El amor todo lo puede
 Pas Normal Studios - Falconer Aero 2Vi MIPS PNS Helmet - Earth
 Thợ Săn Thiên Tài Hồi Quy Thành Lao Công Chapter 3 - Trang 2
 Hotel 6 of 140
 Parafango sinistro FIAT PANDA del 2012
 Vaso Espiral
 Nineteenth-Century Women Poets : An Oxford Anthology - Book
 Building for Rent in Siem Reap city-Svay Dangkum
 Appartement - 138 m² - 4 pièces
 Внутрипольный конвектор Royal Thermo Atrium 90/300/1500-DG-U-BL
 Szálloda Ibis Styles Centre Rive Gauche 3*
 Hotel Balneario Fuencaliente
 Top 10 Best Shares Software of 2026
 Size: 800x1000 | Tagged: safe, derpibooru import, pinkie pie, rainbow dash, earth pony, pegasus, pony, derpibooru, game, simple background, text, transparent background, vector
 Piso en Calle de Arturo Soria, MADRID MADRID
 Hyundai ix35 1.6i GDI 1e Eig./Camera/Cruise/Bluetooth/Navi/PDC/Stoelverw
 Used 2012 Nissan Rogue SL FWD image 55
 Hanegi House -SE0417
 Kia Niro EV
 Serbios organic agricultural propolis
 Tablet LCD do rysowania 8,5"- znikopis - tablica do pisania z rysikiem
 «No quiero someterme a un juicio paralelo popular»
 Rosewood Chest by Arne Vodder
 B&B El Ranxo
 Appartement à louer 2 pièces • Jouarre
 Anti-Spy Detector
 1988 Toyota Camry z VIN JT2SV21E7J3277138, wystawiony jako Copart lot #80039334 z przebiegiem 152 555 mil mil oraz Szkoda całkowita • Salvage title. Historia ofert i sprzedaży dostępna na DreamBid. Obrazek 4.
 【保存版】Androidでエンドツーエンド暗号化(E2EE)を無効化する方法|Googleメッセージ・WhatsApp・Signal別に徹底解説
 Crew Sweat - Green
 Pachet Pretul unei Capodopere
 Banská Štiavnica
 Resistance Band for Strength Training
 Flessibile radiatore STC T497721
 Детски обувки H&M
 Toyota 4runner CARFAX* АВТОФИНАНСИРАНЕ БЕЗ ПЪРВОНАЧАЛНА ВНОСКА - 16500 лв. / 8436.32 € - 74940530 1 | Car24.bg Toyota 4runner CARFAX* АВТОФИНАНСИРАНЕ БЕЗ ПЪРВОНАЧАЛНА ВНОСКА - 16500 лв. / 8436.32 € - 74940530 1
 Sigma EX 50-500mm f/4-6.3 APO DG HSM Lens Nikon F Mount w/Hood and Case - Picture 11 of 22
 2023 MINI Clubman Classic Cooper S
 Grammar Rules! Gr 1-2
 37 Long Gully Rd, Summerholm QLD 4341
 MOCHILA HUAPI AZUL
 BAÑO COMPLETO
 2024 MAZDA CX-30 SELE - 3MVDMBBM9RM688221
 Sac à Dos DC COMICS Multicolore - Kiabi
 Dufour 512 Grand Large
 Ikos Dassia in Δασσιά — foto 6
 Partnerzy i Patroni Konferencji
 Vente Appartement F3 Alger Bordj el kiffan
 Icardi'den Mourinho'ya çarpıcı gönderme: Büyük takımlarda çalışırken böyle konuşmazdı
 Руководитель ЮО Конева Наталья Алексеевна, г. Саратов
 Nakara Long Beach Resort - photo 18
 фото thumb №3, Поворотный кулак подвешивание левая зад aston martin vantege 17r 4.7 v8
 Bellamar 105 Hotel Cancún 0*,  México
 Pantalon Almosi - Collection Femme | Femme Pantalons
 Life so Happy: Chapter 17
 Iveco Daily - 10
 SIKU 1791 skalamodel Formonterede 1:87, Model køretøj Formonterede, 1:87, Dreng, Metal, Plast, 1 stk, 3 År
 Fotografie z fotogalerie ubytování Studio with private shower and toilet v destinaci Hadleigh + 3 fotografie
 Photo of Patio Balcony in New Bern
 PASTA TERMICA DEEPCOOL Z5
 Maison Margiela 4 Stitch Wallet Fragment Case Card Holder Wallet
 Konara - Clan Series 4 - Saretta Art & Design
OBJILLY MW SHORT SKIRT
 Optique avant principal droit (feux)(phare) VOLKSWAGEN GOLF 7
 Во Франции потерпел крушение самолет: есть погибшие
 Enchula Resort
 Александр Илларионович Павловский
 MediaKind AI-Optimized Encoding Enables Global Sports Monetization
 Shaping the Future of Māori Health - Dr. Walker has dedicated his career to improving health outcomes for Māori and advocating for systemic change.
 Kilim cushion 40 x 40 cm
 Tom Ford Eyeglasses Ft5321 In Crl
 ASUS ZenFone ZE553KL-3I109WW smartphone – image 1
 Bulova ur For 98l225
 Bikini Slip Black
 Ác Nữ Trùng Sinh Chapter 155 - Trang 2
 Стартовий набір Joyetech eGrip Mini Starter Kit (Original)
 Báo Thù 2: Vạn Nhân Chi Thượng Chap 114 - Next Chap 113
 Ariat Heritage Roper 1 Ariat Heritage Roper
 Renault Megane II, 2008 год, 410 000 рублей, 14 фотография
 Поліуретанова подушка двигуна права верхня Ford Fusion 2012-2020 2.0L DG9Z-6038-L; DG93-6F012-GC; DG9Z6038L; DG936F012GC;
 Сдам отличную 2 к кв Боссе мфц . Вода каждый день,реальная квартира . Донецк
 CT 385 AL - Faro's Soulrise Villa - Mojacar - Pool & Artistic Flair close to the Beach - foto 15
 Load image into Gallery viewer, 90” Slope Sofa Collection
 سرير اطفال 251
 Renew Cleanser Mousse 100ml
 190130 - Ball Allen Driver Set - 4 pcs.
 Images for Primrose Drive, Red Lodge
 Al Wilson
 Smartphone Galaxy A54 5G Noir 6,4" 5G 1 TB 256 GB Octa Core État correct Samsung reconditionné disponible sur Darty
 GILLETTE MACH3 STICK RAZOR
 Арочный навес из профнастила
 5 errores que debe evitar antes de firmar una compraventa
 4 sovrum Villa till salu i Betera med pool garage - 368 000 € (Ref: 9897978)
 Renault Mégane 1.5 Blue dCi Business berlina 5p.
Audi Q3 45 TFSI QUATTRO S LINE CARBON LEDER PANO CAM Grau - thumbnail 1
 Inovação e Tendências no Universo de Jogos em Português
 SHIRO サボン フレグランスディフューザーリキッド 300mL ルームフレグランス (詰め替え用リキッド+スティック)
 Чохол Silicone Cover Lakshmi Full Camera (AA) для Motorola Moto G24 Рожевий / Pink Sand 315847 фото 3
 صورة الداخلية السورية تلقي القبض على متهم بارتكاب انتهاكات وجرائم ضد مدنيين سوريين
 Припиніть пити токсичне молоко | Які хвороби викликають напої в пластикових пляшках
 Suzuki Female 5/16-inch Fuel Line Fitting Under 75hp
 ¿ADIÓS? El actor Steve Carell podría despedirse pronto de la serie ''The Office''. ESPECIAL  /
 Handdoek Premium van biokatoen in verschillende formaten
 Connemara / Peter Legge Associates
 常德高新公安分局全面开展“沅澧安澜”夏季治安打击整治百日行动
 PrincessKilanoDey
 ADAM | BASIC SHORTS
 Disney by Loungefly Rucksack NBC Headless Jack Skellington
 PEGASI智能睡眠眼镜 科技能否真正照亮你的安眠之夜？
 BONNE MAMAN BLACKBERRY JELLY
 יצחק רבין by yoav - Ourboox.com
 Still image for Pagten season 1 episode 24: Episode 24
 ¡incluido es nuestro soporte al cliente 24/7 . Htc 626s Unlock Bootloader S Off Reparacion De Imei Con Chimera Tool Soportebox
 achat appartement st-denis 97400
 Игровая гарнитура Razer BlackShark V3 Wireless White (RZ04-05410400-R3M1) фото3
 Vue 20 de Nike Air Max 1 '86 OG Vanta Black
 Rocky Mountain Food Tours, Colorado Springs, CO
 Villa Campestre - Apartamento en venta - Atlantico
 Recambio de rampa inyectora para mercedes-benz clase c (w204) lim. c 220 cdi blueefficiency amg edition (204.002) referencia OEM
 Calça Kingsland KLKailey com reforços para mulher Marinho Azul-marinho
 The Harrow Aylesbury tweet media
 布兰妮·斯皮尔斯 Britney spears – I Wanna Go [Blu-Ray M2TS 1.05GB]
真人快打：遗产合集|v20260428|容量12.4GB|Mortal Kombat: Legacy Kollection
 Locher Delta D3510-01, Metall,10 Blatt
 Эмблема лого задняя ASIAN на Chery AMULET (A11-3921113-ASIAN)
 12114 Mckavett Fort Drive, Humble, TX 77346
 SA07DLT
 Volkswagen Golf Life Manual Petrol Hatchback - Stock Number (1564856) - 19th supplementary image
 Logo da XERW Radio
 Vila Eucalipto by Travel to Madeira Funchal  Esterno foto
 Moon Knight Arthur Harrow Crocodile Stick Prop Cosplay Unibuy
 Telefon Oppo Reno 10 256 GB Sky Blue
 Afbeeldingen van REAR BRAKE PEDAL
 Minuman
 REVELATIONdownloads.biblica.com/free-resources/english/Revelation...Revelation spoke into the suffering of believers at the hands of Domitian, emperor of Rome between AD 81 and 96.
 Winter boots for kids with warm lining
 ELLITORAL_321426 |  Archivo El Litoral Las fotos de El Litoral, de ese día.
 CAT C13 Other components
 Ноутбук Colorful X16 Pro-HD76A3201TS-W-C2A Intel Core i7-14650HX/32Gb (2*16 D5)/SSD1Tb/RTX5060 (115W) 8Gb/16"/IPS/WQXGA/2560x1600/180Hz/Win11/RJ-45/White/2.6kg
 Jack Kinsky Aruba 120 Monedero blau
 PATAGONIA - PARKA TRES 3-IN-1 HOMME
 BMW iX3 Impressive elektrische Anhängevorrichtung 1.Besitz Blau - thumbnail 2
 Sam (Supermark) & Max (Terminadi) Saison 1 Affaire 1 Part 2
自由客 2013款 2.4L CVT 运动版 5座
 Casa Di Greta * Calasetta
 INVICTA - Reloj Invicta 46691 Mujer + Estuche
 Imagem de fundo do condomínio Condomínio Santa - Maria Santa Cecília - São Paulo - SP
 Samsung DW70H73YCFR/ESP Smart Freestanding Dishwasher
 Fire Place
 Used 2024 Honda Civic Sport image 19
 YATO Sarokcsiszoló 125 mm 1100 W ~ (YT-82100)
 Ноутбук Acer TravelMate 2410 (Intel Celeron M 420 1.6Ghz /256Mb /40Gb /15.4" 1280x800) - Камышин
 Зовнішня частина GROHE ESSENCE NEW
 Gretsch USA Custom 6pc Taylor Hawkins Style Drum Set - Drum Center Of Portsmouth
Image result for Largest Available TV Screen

*****

--- To do ---
From the records above, print only the lines between the one holding "Winter boots for kids with warm lining" and the one holding "Зовнішня частина GROHE ESSENCE NEW", inclusive, exactly as they stand.

--- Answer below ---
 Winter boots for kids with warm lining
 ELLITORAL_321426 |  Archivo El Litoral Las fotos de El Litoral, de ese día.
 CAT C13 Other components
 Ноутбук Colorful X16 Pro-HD76A3201TS-W-C2A Intel Core i7-14650HX/32Gb (2*16 D5)/SSD1Tb/RTX5060 (115W) 8Gb/16"/IPS/WQXGA/2560x1600/180Hz/Win11/RJ-45/White/2.6kg
 Jack Kinsky Aruba 120 Monedero blau
 PATAGONIA - PARKA TRES 3-IN-1 HOMME
 BMW iX3 Impressive elektrische Anhängevorrichtung 1.Besitz Blau - thumbnail 2
 Sam (Supermark) & Max (Terminadi) Saison 1 Affaire 1 Part 2
自由客 2013款 2.4L CVT 运动版 5座
 Casa Di Greta * Calasetta
 INVICTA - Reloj Invicta 46691 Mujer + Estuche
 Imagem de fundo do condomínio Condomínio Santa - Maria Santa Cecília - São Paulo - SP
 Samsung DW70H73YCFR/ESP Smart Freestanding Dishwasher
 Fire Place
 Used 2024 Honda Civic Sport image 19
 YATO Sarokcsiszoló 125 mm 1100 W ~ (YT-82100)
 Ноутбук Acer TravelMate 2410 (Intel Celeron M 420 1.6Ghz /256Mb /40Gb /15.4" 1280x800) - Камышин
 Зовнішня частина GROHE ESSENCE NEW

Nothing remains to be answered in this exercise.